12/28/2009

Deep Inside Colombia - Crossing The Andes With A Surfboard

I will never forget the look on the face of the Colombian peasant man. My wife explained to him only in Spanish, which I think under my arm is indeed a surfboard, despite the fact that we stood in a Colombian village that was located somewhere in the middle of the Andes, hundreds of miles away from any Ocean. After this news the man made a joke about us always bad directions. He flashed a smile and a mouthful of rotten teeth showed. Soonstuck after that, he shook his head, his hands in his pockets on the front of the hand-woven poncho Inca style, turned and walked down the only road in his town. When the man the center of the city reached a gust of wind swept down the street and blew off his black hat off his head. As I watched him chase after thinking through a cloud of dust, I, "I gotta 'get to the ocean."

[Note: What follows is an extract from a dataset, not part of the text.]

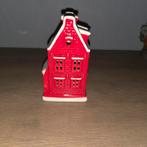 postcodeloterij dijkhuisje nr. 8, Ophalen, Nieuw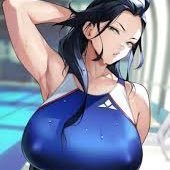 しほ (@sigonohariai) Twitter profile photo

I began to feel like a fish without water. Surfers do not live by the seadry out for too long, or they start to "". Then I got up that dirt road in the dusty little town, I realized that I had not seen the ocean in more than a month. More importantly, I had not surfed there. Halfway through a two months tour around the country from Colombia, South America, we were on our way to a small Caribbean beach resort on the northeastern edge of the land for a much needed break from the madness we had experienced on this trip. We had spent the holidaysTraveling from Bogotá to Medellín, and then returned to Bogota to meet and visit with various members of the family of my wife. There were some breakdowns on the road with pick-pockets and is guilty. Until that time, it was not funny, and we want to leave it at that.

Traveling on a tight budget in a foreign country is the best way to experience the true culture of the country, but it can be very taxing on your soul. We could not afford tickets to all on the flyCountry, so we had instead of buses and taxis to take. Some of those bus rides took two days to reach our goal. We drove through some of the most remote areas of Colombia to change bus and hail taxis the whole way. On the way we saw some of the most beautiful landscapes on earth, and some very interesting experience, intense, and strange things. Black magic and evil curses are practiced in many areas of Colombia, and I can not say more on this subject, for fear that youwould think of me as crazy. There are things that are not explained in this world, and many of them happen in Colombia.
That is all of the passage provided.